I mentioned I had a post brewing in my head about this fortune cookie “statement” (i.e., not a fortune) in a prior post.  I actually did see a real fortune the other day that said something like “The love of your life is just around the corner,” but sadly I did not open that cookie, our office manager (who has been married almost 20 years) at work did, so maybe she is re-discovering the love of her life. 🙂

Love is a strange emotion or thing or state of being.  It can be like a drug just like in the movie Love and Other Drugs I just saw.  It doesn’t often make sense.  People love Apple’s iPhone but if you did the practical analysis, the Google Android phone might be better.  In other words people’s imagination of the iPhone triumphs over hard data (i.e., intelligence).  Or there might even be a better phone option than that.  But people fall in love seemingly all of a sudden and sometimes there seems to be no rhyme or reason as to why but some people like Steve Jobs seem to know how to push the buttons of a significant enough portion of the population and get them to fall in love with his ideas/products.  Selling to consumers is a tough job because we are fickle.  We can fall in and out of love (or is that “like”) of products pretty easily.   Probably because society doesn’t look kindly on us falling in and out of love with people, so we project that piece of our humanity onto objects.  No one will judge you or make you feel guilty for falling in and out of love with certain products.  I just came up with that piece of philosophy/wisdom so take it for what it’s worth!

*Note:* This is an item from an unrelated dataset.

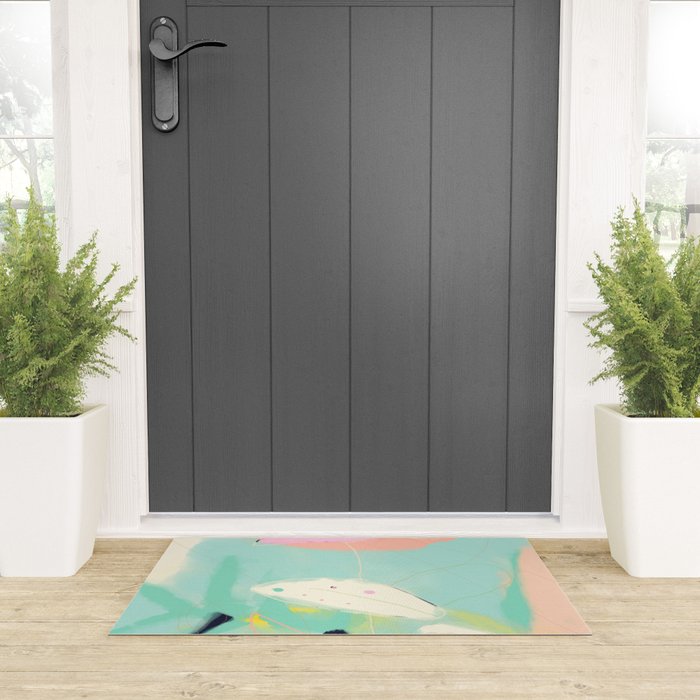 minimal floral abstract art Welcome Mat Gallery Image 3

Hugh McLeod (@gapingvoid) loves to cartoon about LOVE and I love the poignancy of his love cartoons.  Jeffrey Fry sent out a quote recently: “The hunger for love is much more difficult to remove than the hunger for bread.” –Mother Teresa.

When people fall in love (infatuation), they certainly overlook the practical/potentially annoying things about something or someone (e.g., you have to keep re-booting the phone, but it looks pretty, it gives you good info on how to get places, and it gives you games to play or if it’s a person for some period of time you don’t see their flaws because he or she makes you feel special/noticed or it seems like they really see or understand you.).

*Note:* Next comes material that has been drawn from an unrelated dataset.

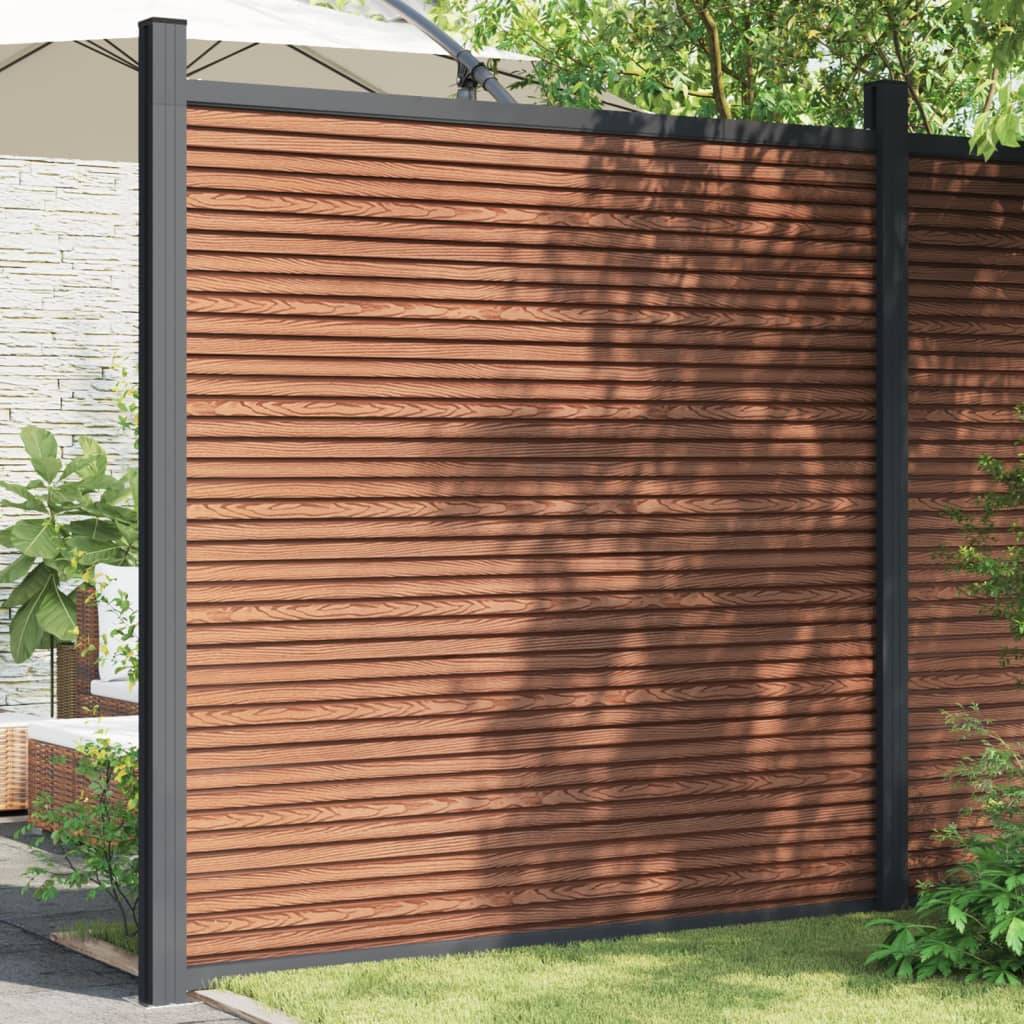 vidaXL Zaunelement mit 2 Pfosten Braun 180x186 cm WPC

The very few times I’ve fallen in romantic love in my life, I’ve been completely blind sided by it.  Knocked over like a ton of bricks.  Silly and stupid.  And on some occasions, I never even had a relationship with the guy – guess I’m just a romantic at heart and they somehow happened to connect with the combination of my mind/heart, which is very hard to do.  When I’ve fallen out of love, it seems to have happened over time and not suddenly after disappointment, disconnection, pain, and just the exhaustion that comes along with daily living.  I’m not trying to say I believe in ‘love at first site’ because I don’t, but that moment when you realize you love someone or ‘something’ seems to just happen without any warning.  One day you don’t have much feeling toward someone or you don’t know what you feel and the next you find you are in love with them.  Which has led me to the conclusion that we are not meant to love just one person (romantically) our entire lives.  I can see Jeffrey Fry reading this and thinking that I don’t know what true love is yet because he has studied it and apparently knows what it is.  He’s probably right, I don’t know.

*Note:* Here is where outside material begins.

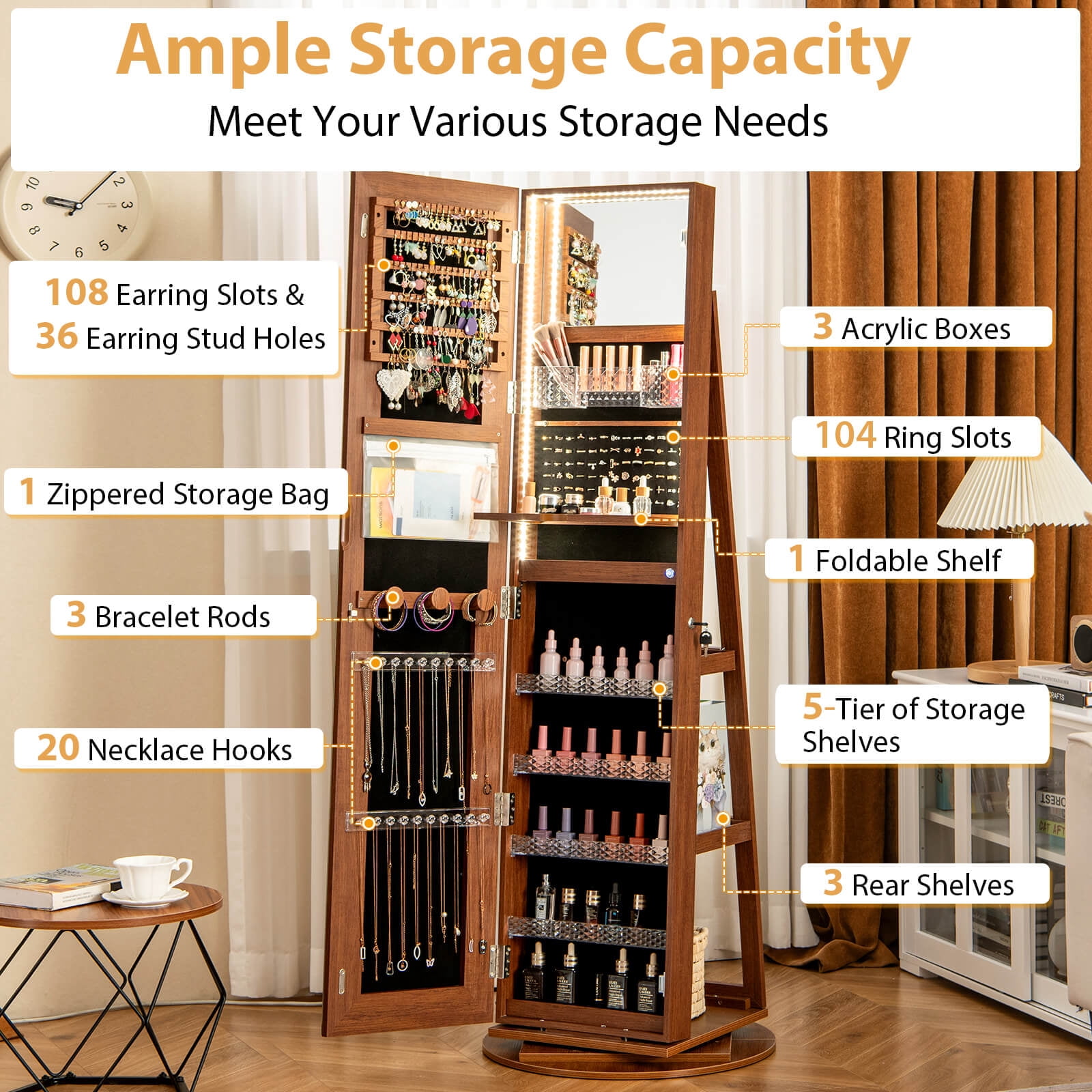 Costway 360° Swivel Jewelry Cabinet Organizer 3-Color LED Mirror with Built-in Lights Brown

There are people in ‘arranged marriages’ who grow to love each other and there are people who had ‘love marriages’ that didn’t work out.  It’s all that stuff that happens (and doesn’t happen) in between the years, the kids, the jobs, behind closed doors, etc. that I guess makes some marriages “work” and others don’t.  The same is true for business start-ups but currently the odds of a marriage making it to “death do us part” is higher (4o to 50%) than a small business making it 50 years (< 10%).  Plus, more people change their jobs and companies they work for now than they did 30+ years ago.  Go figure.

But the closest I’ve come to experiencing true love is the love I feel for my children, and yes the intensity of my love for them did surprise me at first.  And although they sometimes annoy the heck out of me (any parent who says their kids have not annoyed them at some point is a liar), I cannot even imagine a day where I would fall out of love with them.  I can see a day I may not like them sometimes, especially if they do something naughty or talk back to me, but I believe that I will always love them and do my best to support them.

I wonder if it’s harder to fall in or out of love?  That is the question.